Connected Replicas, Redis - Vortex IQ Help Centre

Card class: Sensitivity • Category: Replication & Cluster

At a glance

Connected Replicas is the number of replica nodes currently attached to and streaming from the primary, read from connected_slaves in INFO replication. It is a small number with outsized importance: it is your live answer to “if this primary dies right now, is there a copy ready to take over?” A value of zero means there is no automatic failover target. Whatever the topology was designed to be, a drop below the expected replica count is the early warning that your redundancy has quietly evaporated, usually well before anything visibly breaks.

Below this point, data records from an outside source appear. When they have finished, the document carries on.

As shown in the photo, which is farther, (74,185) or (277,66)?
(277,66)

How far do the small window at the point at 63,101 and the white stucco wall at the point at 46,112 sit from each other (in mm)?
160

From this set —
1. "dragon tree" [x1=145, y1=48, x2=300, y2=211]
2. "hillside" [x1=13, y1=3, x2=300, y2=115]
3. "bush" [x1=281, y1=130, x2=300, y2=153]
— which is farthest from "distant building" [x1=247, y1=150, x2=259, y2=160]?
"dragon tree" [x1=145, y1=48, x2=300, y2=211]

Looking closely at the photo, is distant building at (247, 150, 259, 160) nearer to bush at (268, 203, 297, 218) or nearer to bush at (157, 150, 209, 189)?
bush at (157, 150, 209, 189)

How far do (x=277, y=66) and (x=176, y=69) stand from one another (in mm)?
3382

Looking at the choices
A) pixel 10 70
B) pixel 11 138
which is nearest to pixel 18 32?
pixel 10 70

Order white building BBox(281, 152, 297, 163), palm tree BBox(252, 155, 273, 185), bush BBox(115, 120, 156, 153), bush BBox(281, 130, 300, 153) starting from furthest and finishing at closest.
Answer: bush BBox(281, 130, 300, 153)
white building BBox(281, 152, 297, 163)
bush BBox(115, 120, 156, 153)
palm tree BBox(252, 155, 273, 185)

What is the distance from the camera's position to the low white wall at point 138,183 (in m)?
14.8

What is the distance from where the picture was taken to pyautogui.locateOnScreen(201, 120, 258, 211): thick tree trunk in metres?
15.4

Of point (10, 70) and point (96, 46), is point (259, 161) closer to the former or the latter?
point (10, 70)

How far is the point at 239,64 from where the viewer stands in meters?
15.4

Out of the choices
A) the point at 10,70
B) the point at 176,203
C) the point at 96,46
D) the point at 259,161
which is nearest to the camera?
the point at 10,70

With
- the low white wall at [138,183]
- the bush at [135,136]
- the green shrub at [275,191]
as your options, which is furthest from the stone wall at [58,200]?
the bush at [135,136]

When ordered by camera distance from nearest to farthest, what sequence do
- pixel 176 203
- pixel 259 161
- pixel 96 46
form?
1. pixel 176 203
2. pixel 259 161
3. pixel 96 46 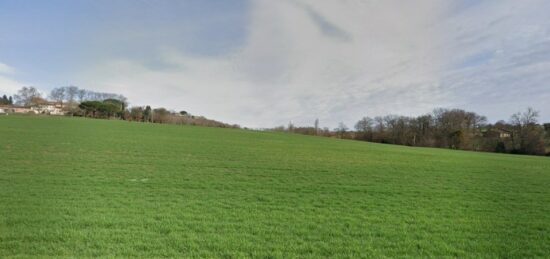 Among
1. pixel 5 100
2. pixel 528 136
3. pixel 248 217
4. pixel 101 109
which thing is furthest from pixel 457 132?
pixel 5 100

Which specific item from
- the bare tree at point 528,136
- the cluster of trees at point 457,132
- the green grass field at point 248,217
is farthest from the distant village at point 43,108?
the bare tree at point 528,136

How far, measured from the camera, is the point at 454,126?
8644cm

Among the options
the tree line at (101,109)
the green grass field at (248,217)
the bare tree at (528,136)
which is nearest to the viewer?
the green grass field at (248,217)

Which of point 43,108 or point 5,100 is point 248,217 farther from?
point 5,100

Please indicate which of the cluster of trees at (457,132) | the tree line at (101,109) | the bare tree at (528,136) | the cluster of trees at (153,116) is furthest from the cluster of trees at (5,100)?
the bare tree at (528,136)

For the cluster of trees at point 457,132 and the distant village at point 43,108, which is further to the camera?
the distant village at point 43,108

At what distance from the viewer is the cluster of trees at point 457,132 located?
238ft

What it tracks	The count of replicas currently connected to the primary and receiving the replication stream (`connected_slaves`).
Data source	`INFO replication` → `connected_slaves`, read from the primary node. The same section lists each replica’s IP, port, state, and offset.
Time window	`RT` (real-time snapshot).
Alert trigger	`< 1` (no failover available). A primary with zero connected replicas has no hot standby; an unplanned failure means downtime and potential data loss back to the last backup.
Why it matters	Replicas serve two jobs: they are the failover target (Sentinel or the managed control plane promotes one when the primary dies) and they offload read traffic. Lose them and you lose both, silently.
What does NOT count	A replica that is configured but disconnected (network partition, auth failure, or still doing its initial full sync) does not count until it reaches the `online` state.
Roles	engineering, operations

Calculation

The card reads connected_slaves from the Replication section of INFO on the primary. Redis only increments this count for replicas that have completed their handshake and are in the connected, streaming state, so a replica mid-resync or one that has dropped off the network is excluded automatically. The detail behind this card is precise: the figure comes from connected_slaves in INFO replication, and the alert fires below 1 because a primary with no connected replica has no failover target at all. The same INFO replication block also exposes each replica line (slave0, slave1, and so on) with its state, offset, and lag, which is what the related Replica Lag (seconds) card reads to judge whether the connected replicas are actually keeping up rather than merely attached.

Worked example

A platform team runs a Redis 7.2 primary with two replicas behind Sentinel, the standard “one to promote, one to spare” pattern for a session and cache tier. The expected reading is 2. Snapshot taken on 03 Jun 26 at 16:40 BST.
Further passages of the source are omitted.